Артем стал чаще бывать на улице, на равных общался с парнями, которые, благодаря случившемуся с братом, зауважали его; он ходил с ними в ночной клуб, пил водку, иногда участвовал в драках, и мать, увидев на его лице синяк или коросту на губе, начинала рыдающе спрашивать: «Ну ты-то куда?! Ты-то?!»
Это «ты-то» оскорбляло больше всего – в нем слышалось ненавистное Артему слово «недоделанный».
Он постоянно устраивался на работу – одним из главных занятий с двадцати лет было хождение по объявлениям о найме. Продавец книг на уличном развале, разнорабочий на стройке, грузчик на рынке, монтировщик во Дворце культуры… Случалось, его брали, даже делали запись в трудовой книжке, а через две-три недели, через месяц давали понять, что недовольны им, еще через неделю предлагали написать заявление «по собственному желанию». И Артем, тоже уже измучившись, с удовольствием писал, вздыхал облегченно, забирал в бухгалтерии расчет; подойдя к дому, изображал на лице расстроенность, извиняющимся тоном говорил, что его уволили и он не знает, почему; скрывался в своей комнате. Падал на кровать, отворачивался к стене. И становилось легко и радостно, как бывает, когда чувствуешь, что выздоровел…
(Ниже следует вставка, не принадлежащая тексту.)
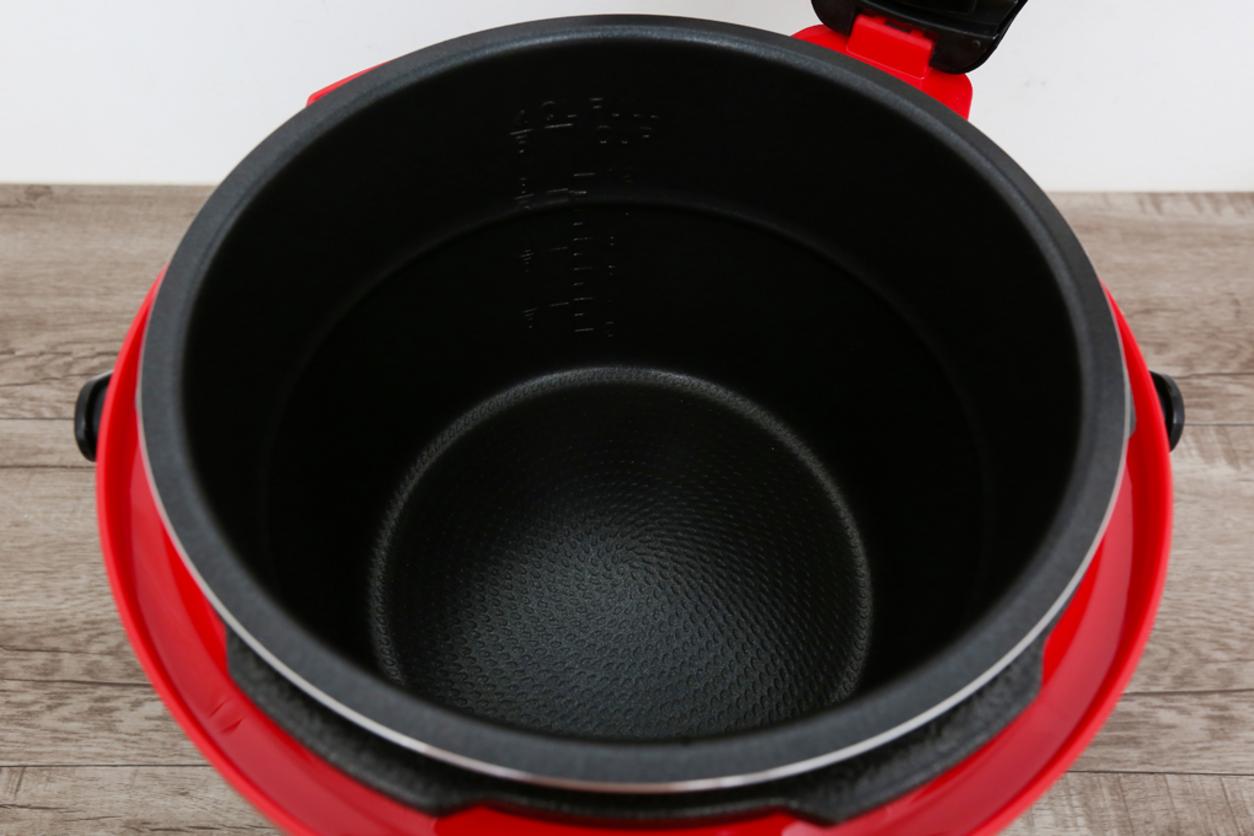 Lòng nồi chống dính, dễ vệ sinh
Неделю-другую родители его не трогали, даже сочувствовали, что он опять потерял работу (для них, десятки лет сидевших на одном месте, это казалось действительно трагедией), но потом отец начинал хмуриться, мать как-то тычком ставила перед ним тарелку с едой, словно говорила этим: «Вот тебе, дармоед». И Артем брел по объявлениям, вяло объяснял в отделах кадров, что он умеет, почему так недолго пребывал на прежних работах, обещал быть дисциплинированным, не прогуливать, не филонить. Но через месяц-полтора-два снова становился свободен.